Evaluating the Role of Landscape and Urban Planning in the Prevention and Mitigation of Domestic Violence

May 23, 2017  • Posted in Member Projects  •  0 Comments

Jennifer Porter, University of Washington

In this project, I explore how anti-violence organizing can be sustained inter-generationally through the built environment in one state-funded self-help housing project in Costa Rica.
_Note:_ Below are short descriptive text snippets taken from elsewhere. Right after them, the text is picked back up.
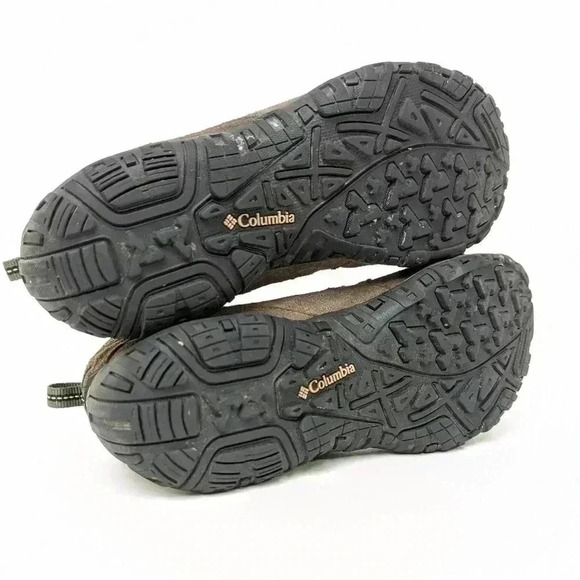 Vintage Y2K Columbia Access Point Hiking Mid Boots - 11.5 - Picture 4 of 12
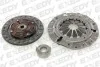 <strong>Зчеплення SUZUKI SPLASH, OPEL AGILA, 08- (вир-во) EXEDY SZK2049 (фото 1)</strong>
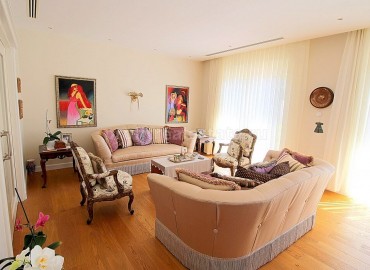 Luxury villa in the most elite place in Antalya, Turkey ID-0255 фото-11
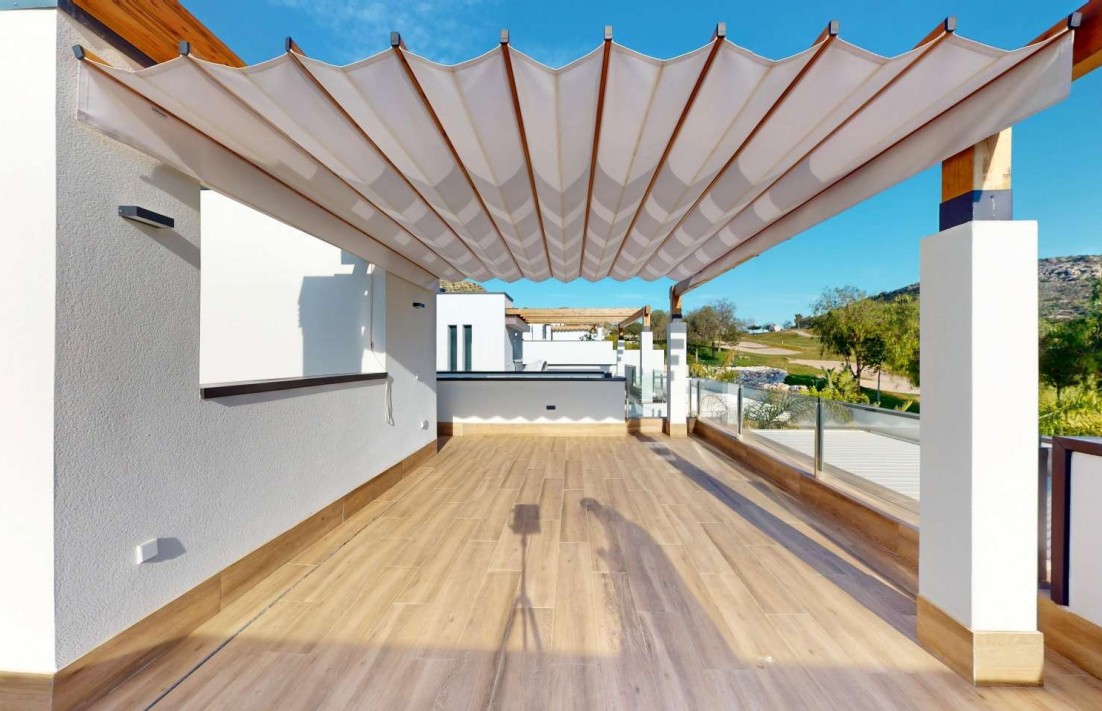 Resale - Villa - Monforte del Cid - Font del Llop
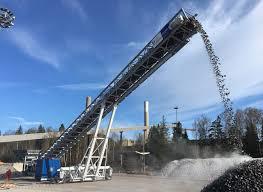 Tracked Mobile Stacking Conveyor | Efficient Stockpiling Solution for Mining &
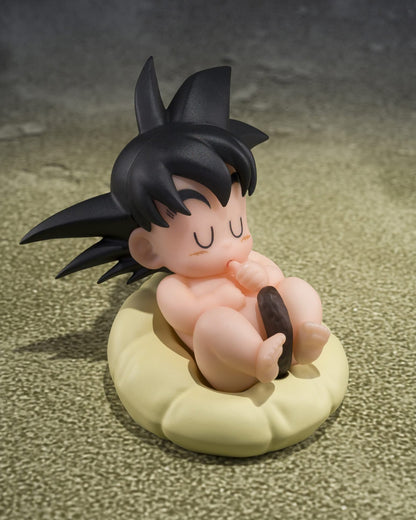 BARDOCK -THE FATHER OF GOKU- S.H. Figuart- Figura Coleccionable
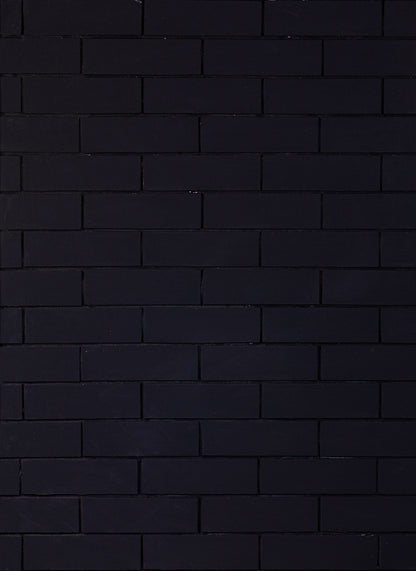 Cultured Bricks Black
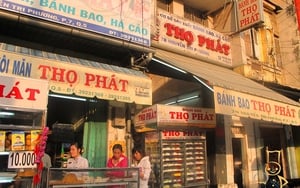 Bánh bao Thọ Phát 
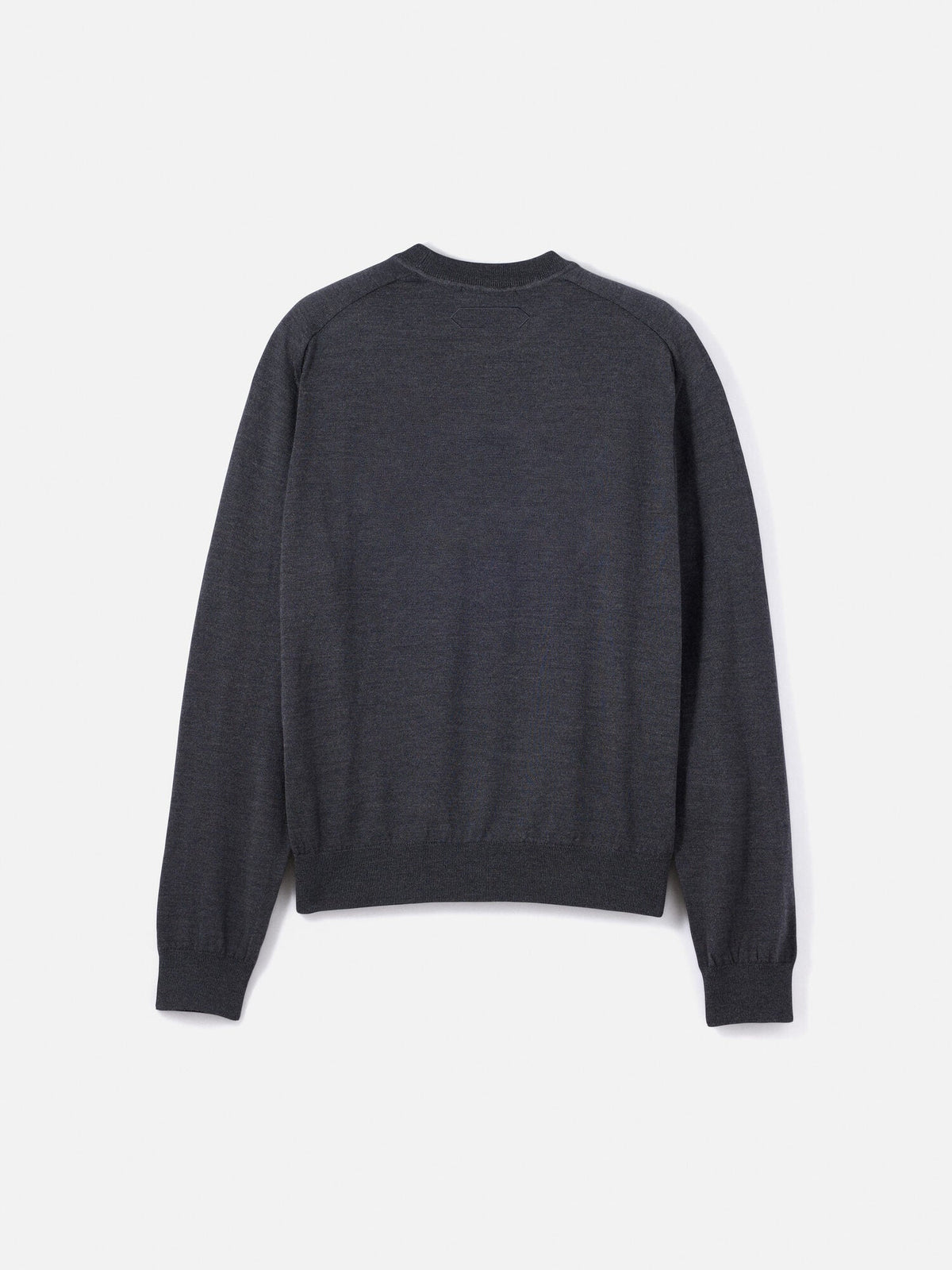 The J sweater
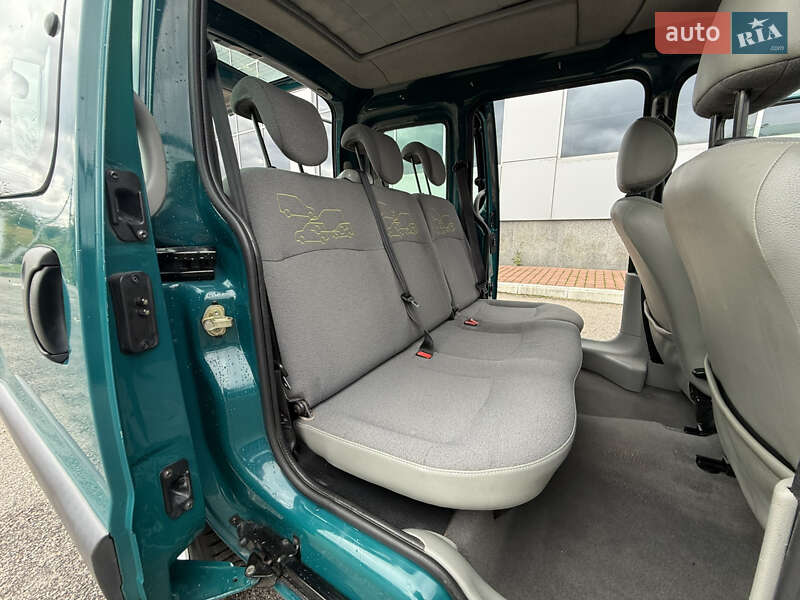 Мінівен Renault Kangoo 2006 в Білій Церкві
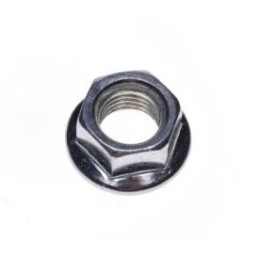 Magneto shaft nut m10x1 25 quad cross 125cc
Responding to a critical housing problem in the country, socialist and feminist organizations in the 1980s organized with and against the State for the provision of materials and land so that organized committees of the urban poor could build and ultimately own their own homes.  Through the construction process, organizers linked of the problems of housing with growing concerns over domestic violence (DV).  Through a short-term cohort study using interview and visual methodologies with multiple generations in the community, I (1) trace the ways anti-violence practices can be embedded in the built environment through urban planning; (2) explore how inhabitants experience and internalize the resulting built environment and anti-violence ideologies; and (3) evaluate the effectivity of anti-violence influenced design across generations.  Critically, the ways in which residents conceptualize DV has shifted to emphasize the relationship between DV and other forms of violence: the influence of drugs on inter-generational violence, and representational violences that reinforce stereotypes of urban poor communities as sources of delinquency, anti-social behavior, and violence.  Responding to the ways these narratives are internalized or resisted by residents, a team of local artists, residents, and I constructed two community murals that draw residents into an ongoing conversation about local violences, by drawing on political histories of place to interpolate future generations into community based action.